The China Internet Network Information Center (CNNIC), which maintains the registry for .cn, issued an apology and a notice that at 2 and 4 in the morning early Sunday local time, its National Nodes DNS was hit with two big attacks. The attacks are continuing on the registry itself, it said, although national domain name resolution services have been gradually restored.
CloudFlare CEO Matthew Prince told the Wall Street Journal that his company saw a 32% drop in traffic for the thousands of Chinese domains on the company’s network during the attack period, compared with the same timeframe on Saturday.
Despite China’s technical sophistication and reputation for having a crack cybersecurity force in place for both defensive and offensive actions, the reality is that this attack, as massive as it was, wasn’t necessarily the work of a sophisticated operation.
Despite the “I don’t know how big the ‘pipes’ of .cn are, but it is not necessarily correct to infer that the attacker in this case had a significant amount of technical sophistication or resources,” Prince said, adding, “It may have well have been a single individual.”
The Chinese Ministry of Industry and Information Technology, which oversees the CNNIC, said in the same notice that it has launched "specific contingency plans" to protect national domain name resolution services. A CNNIC spokesman said only that it will be sharing more details about the attacks as officials know more.

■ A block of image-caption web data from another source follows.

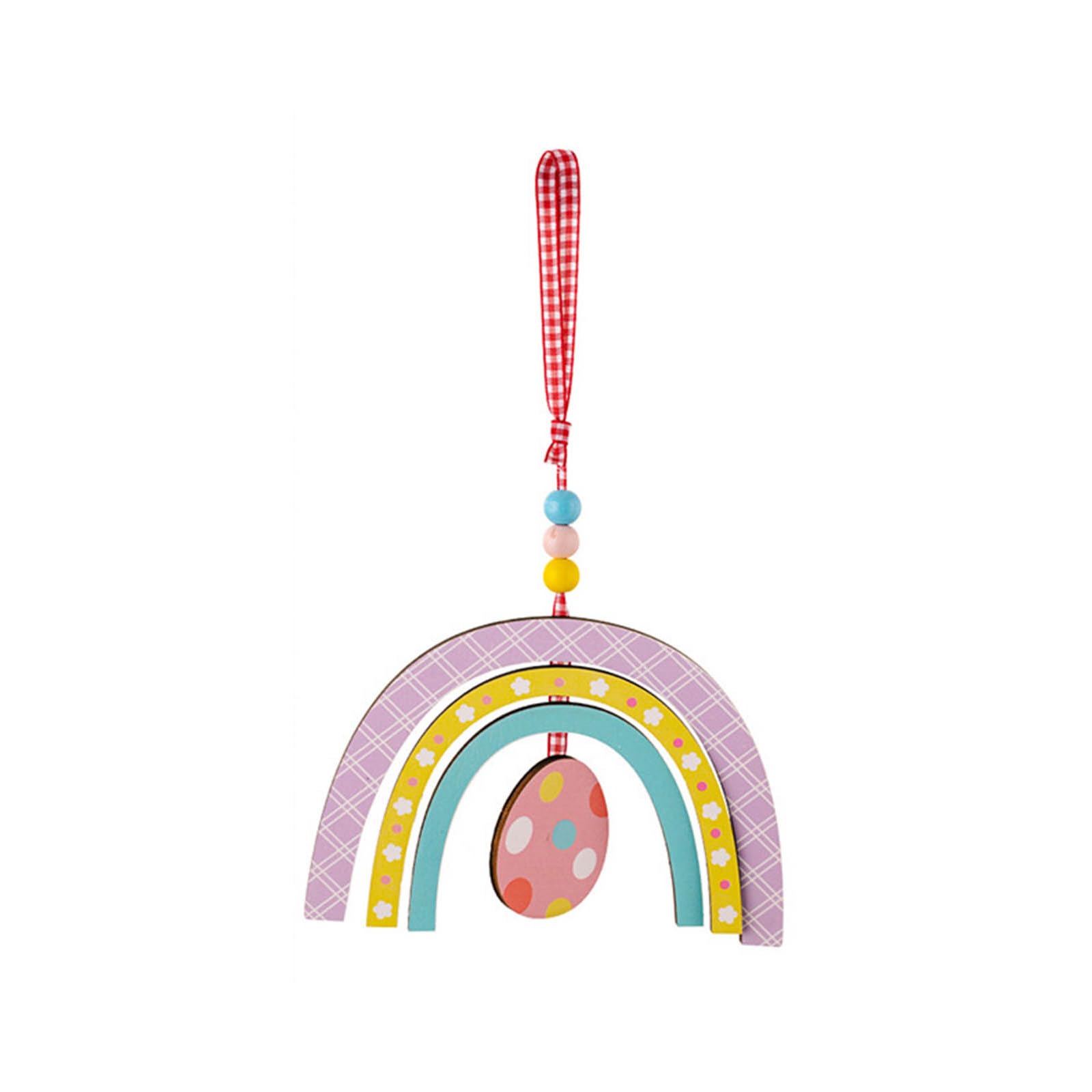 Elnwnnkc Egg Rainbow Bead Door Hanging Wood Dwarfs Easter Sign Pendant Happy Easter Decoration Craft Supplies Hanging Ornaments For Outside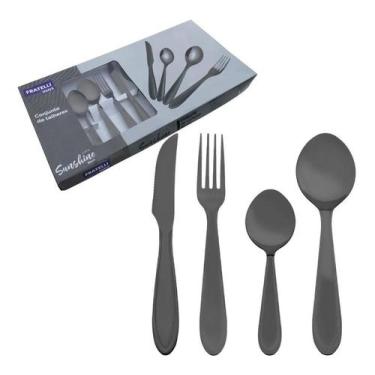 Imagem de Conjunto Talheres Faqueiro Aço Inox 24 Peças Black Sunshine - Fratelli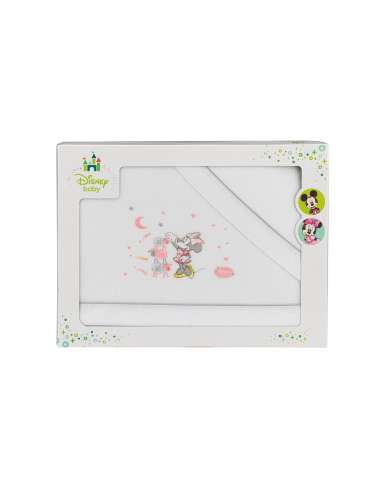 Triptico Cuna coralina Minnie mouse Blanco/gris interbaby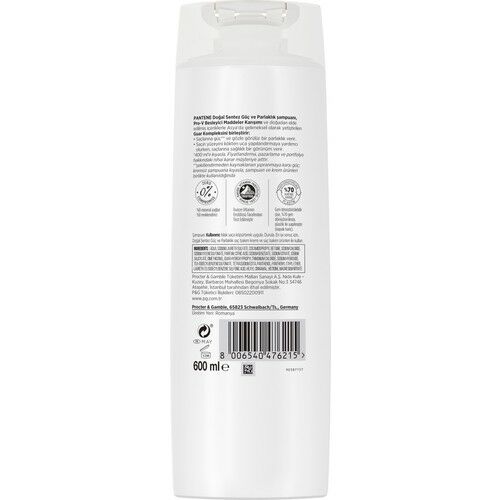 Pantene Şampuan Güç ve Parlaklık 600 Ml Doğal Sentez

Perhaps because they’re a convenient attack vector requiring little specialized expertise, DDoS attacks are increasing in scope to inlcude bigger targets and more packets. During Q1 2013, the average DDoS attack bandwidth totaled 48.25 Gbps, a 718% increase over the previous quarter – and the average packet-per-second rate reached 32.4 million.

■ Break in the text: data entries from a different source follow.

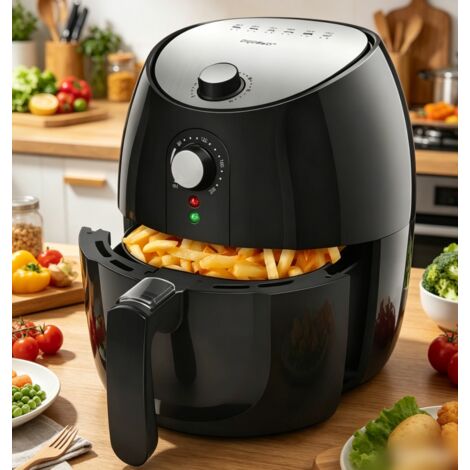 Friteuse à Air Haute Puissance 1500W, Friteuse Sans Huile Saine, Réglage de Température 80-200℃, Minuterie 30 Minutes, Panier Antiadhésif, Multifonction pour Cuisine (1/2)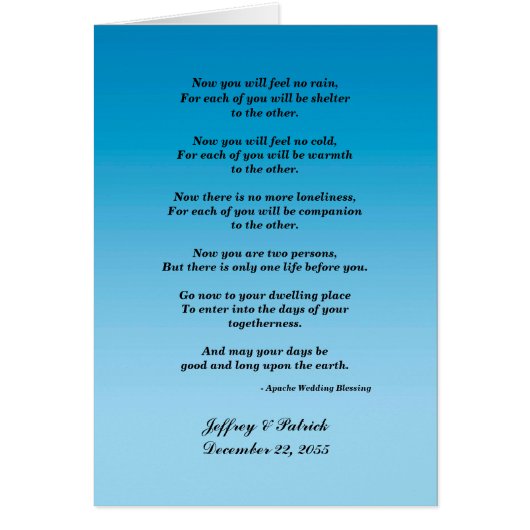 Gay Wedding, Apache Blessing, Blue Gradient (Vorne)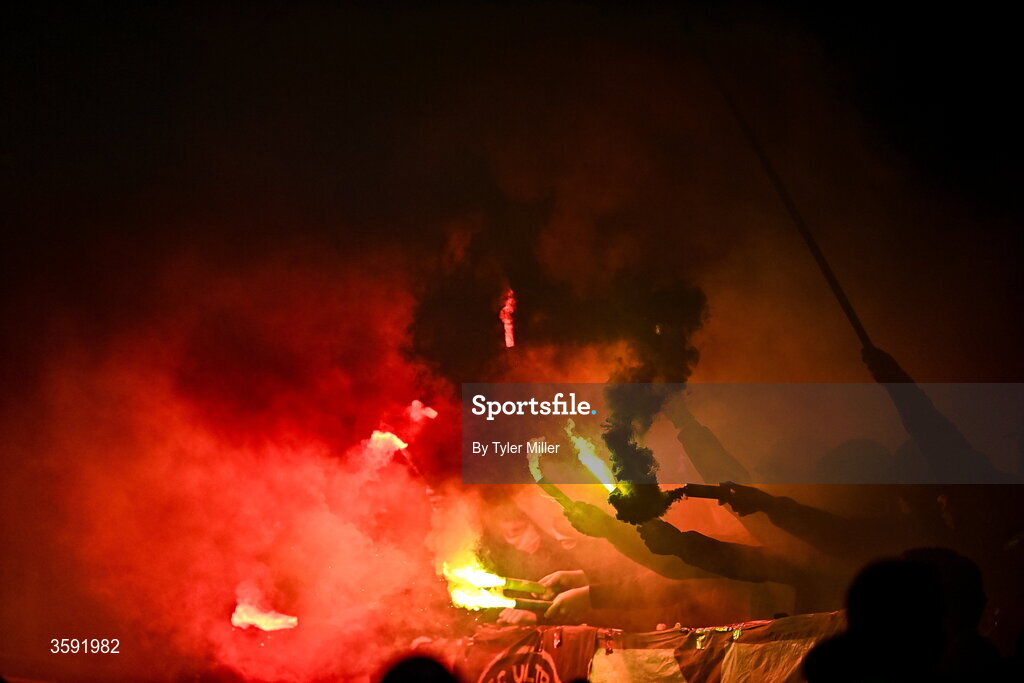 12 October 2026; Bohemians supporters with flares before the SSE Airtricity Men's Premier Division match between Shamrock Rovers and Bohemians at Tallaght Stadium in Dublin. Photo by Tyler Miller/Sportsfile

These startling figures come from the latest quarterly Global DDoS Attack Report from Prolexic. “It’s quite possible,” noted the report, “that this will be seen as a landmark quarter for distributed denial of service (DDoS) attacks. Never before have attacks been this formidable.”
In fact, it’s not the overall number of attacks that has increased (up, but not dramatically from the previous quarter’s high), it is the intensity of the attacks that has changed.
“It’s a classic change up,” said Stuart Scholly, president at Prolexic. “Nearly everyone has been focused on bandwidth and gigabits per second, but it’s the packet rate that’s causing the most damage and presenting the biggest challenge. These packet rates are above the thresholds of all but the most expensive routers and line cards and we are seeing networks buckle as a result.”
A side-effect is collateral damage.
“Because DDoS attackers are targeting ISP and carrier router infrastructures, overwhelming them with huge packet-per-second floods, your site could go down as collateral damage when a router fails. Even worse, your service provider may blackhole or null route your traffic to save its own network,” warned Prolexic.